But I somehow endured and by the end of it I was feeling better, more human than I had in a long time, and best yet, I hadn't started smoking again. That would have just been replacing one bad habit with another stinkier one and to tell you the truth, I'd gotten used to my clothes smelling clean. It's a hard habit to get rid of but there it is. Not smelling like the bottom of an overused ashtray was nice and that was hard to top, nicotine be damned.
“It's not like the cigarettes are going to kill you,” Claude had pointed out on one occasion when I had glared at a group of smokers outside some bar or the other. I forget the name of the place, but the name isn't important to my story here, just the obnoxious, smelling of tobacco and matches, group of smokers outside.
“It's the principle of the thing. I know the cigarettes won't kill me, but I can taste the tar in the smoke. It isn't even that great you know. The taste.”
“Then why do you want to smoke so bad for if it tastes so bad?”
“Simply because I want to. You wouldn't understand unless you'd been a smoker.”

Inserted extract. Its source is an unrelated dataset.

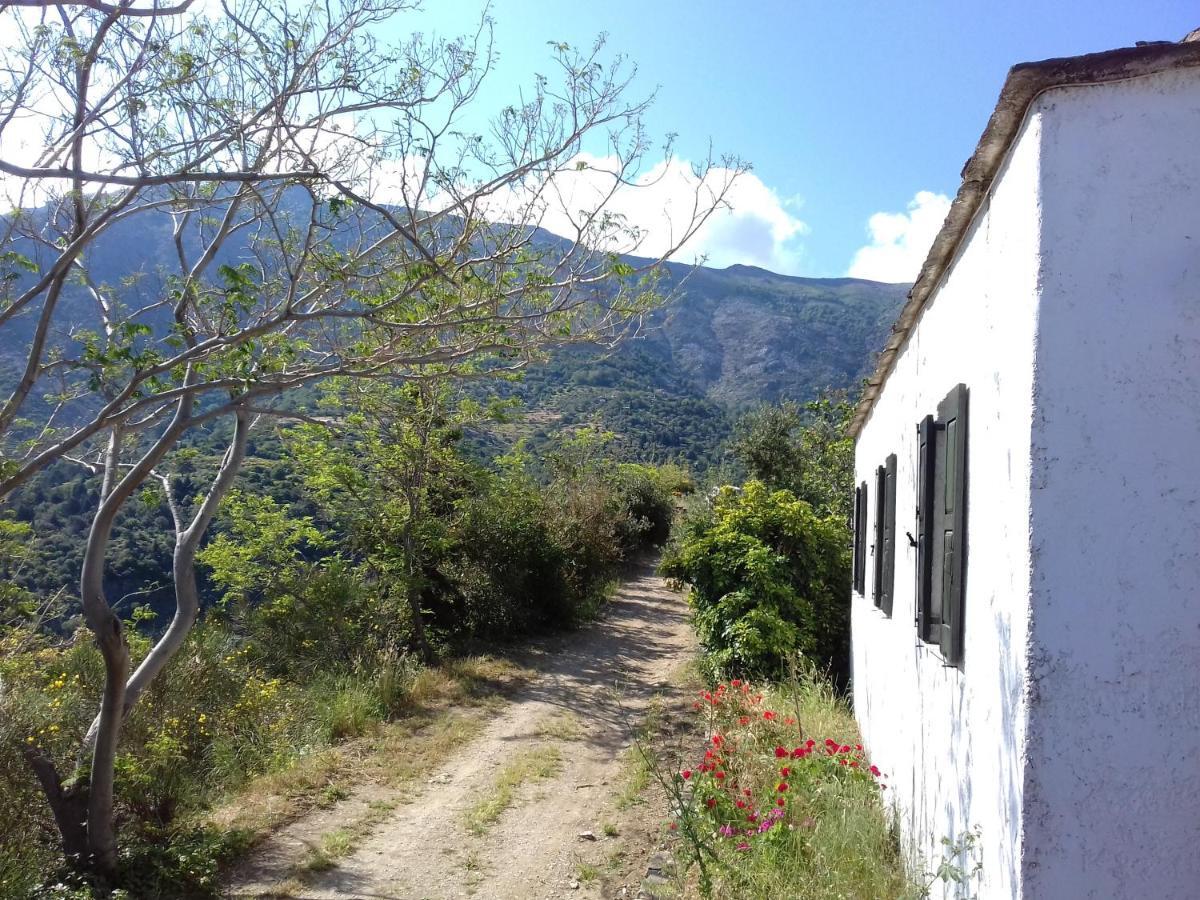 אבדילוס Ikarian Centre - Accommodation & Mountain Hiking מראה חיצוני תמונה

So that was one less habit that I didn't revert to. There was another reason that I couldn't go back to smoking, and I knew it in the back of my head, but it was something that I'd never say, not to Claude and not even to myself. All he had to do was ask me why I'd quit smoking in the first place, and he would have had his answer to everything.
Jaime. My reason for everything good I'd done in the past two years.
I hadn't been by her store in three months since Claude had permanently attached himself to me, making sure I didn't go Dracula on any unsuspecting gorgeous tattooed sluts in the vicinity.
Life is tough when you can't even have a tattooed slut for a midnight snack.
I try not to think about Jaime too much these days.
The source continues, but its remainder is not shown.